▶ _Work item_:
Could you repeat every entry below word for word, leaving out the pictures?
Records to use below:
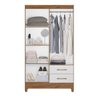 Guarda Roupa Chile 103cm 4 Portas Naturale Branco - Moval - 2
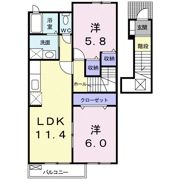 シップ信栄Ⅱの間取り画像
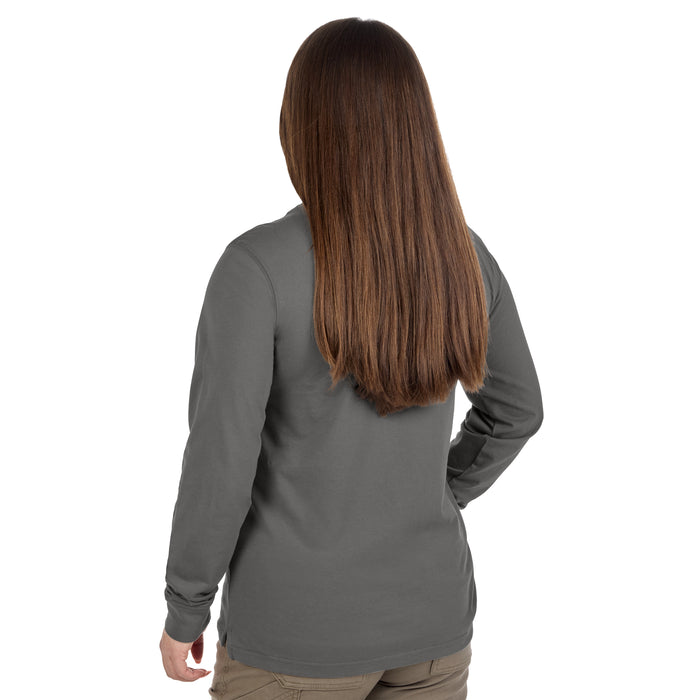 Milwaukee Women's Pocket T - LS Gray XS F551G-XS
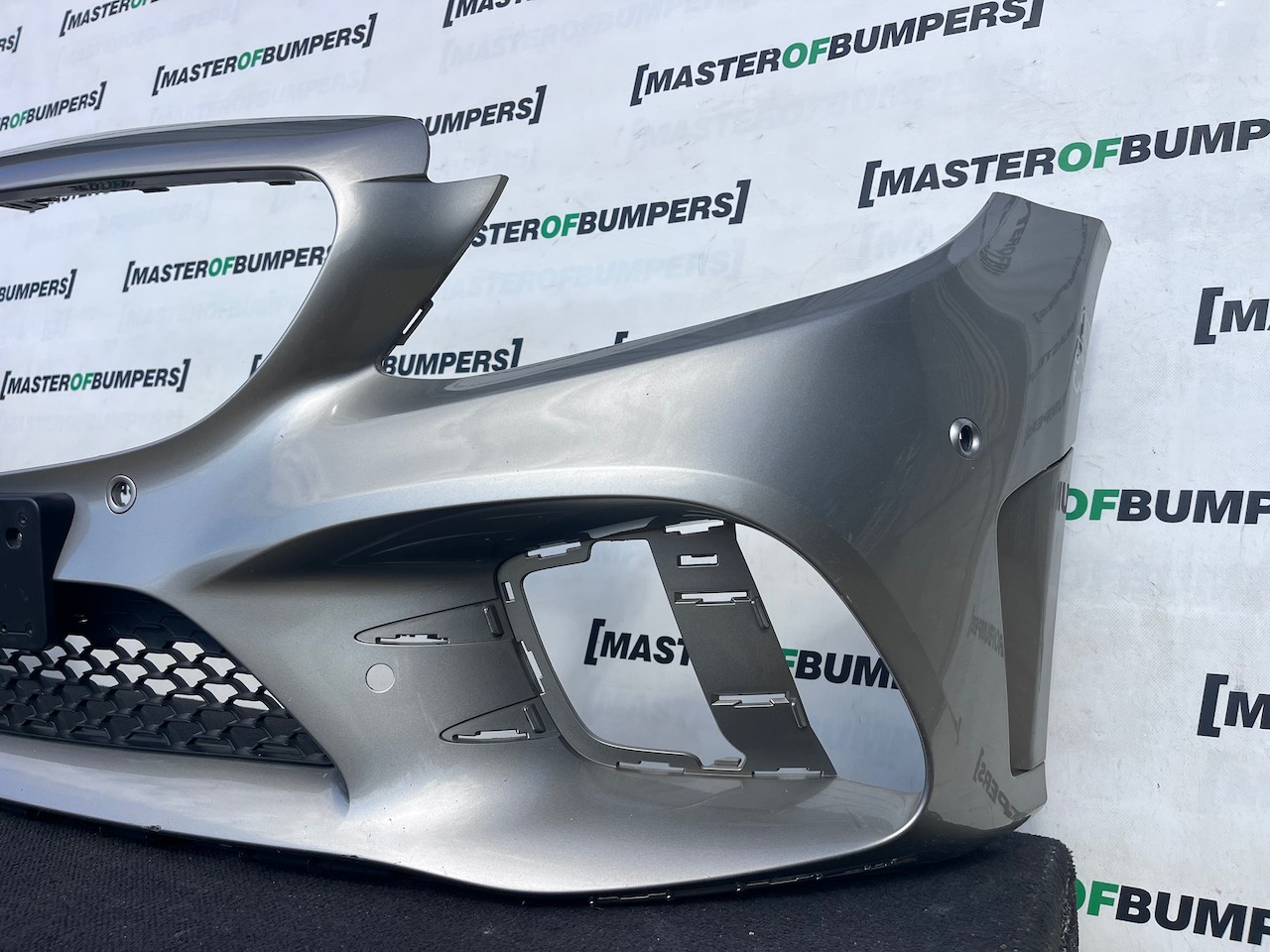 Mercedes C Class Amg Line A205 Lift 2019-2022 Front Bumper 6 Pdc Genuine [e463]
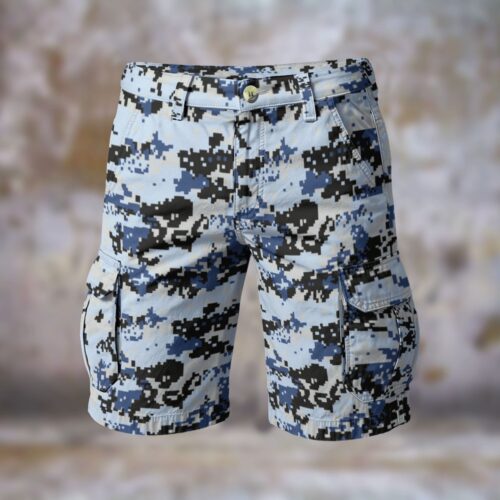 Myanmar Air Force Tatmadaw Lay Digipat 2016 Men’s Camouflage Cargo Shorts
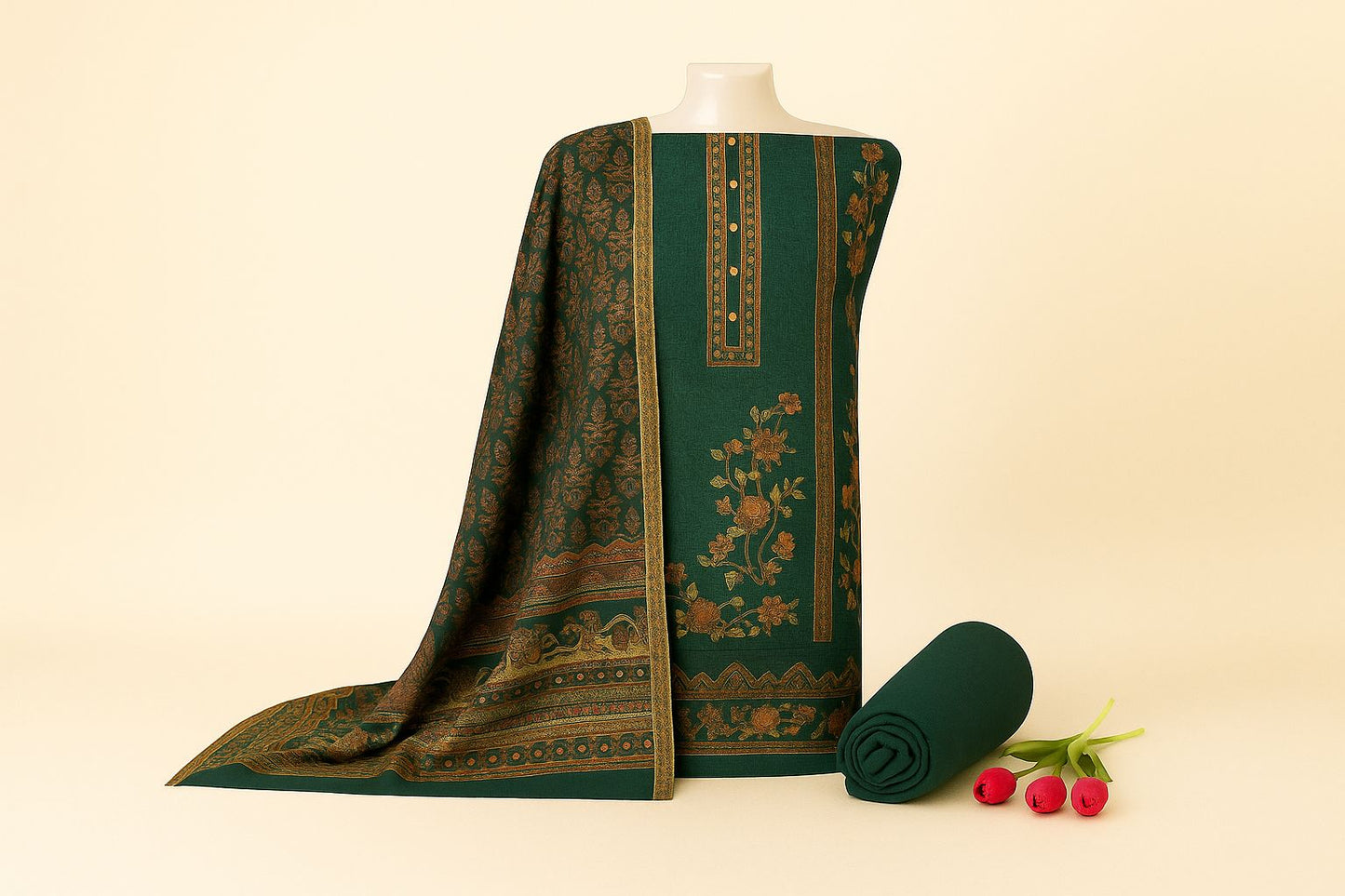 Vanya Deep Green Fabric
End of Records to use.
▶ _Answer to this task_:
 Guarda Roupa Chile 103cm 4 Portas Naturale Branco - Moval - 2
 シップ信栄Ⅱの間取り画像
 Milwaukee Women's Pocket T - LS Gray XS F551G-XS
 Mercedes C Class Amg Line A205 Lift 2019-2022 Front Bumper 6 Pdc Genuine [e463]
 Myanmar Air Force Tatmadaw Lay Digipat 2016 Men’s Camouflage Cargo Shorts
 Vanya Deep Green Fabric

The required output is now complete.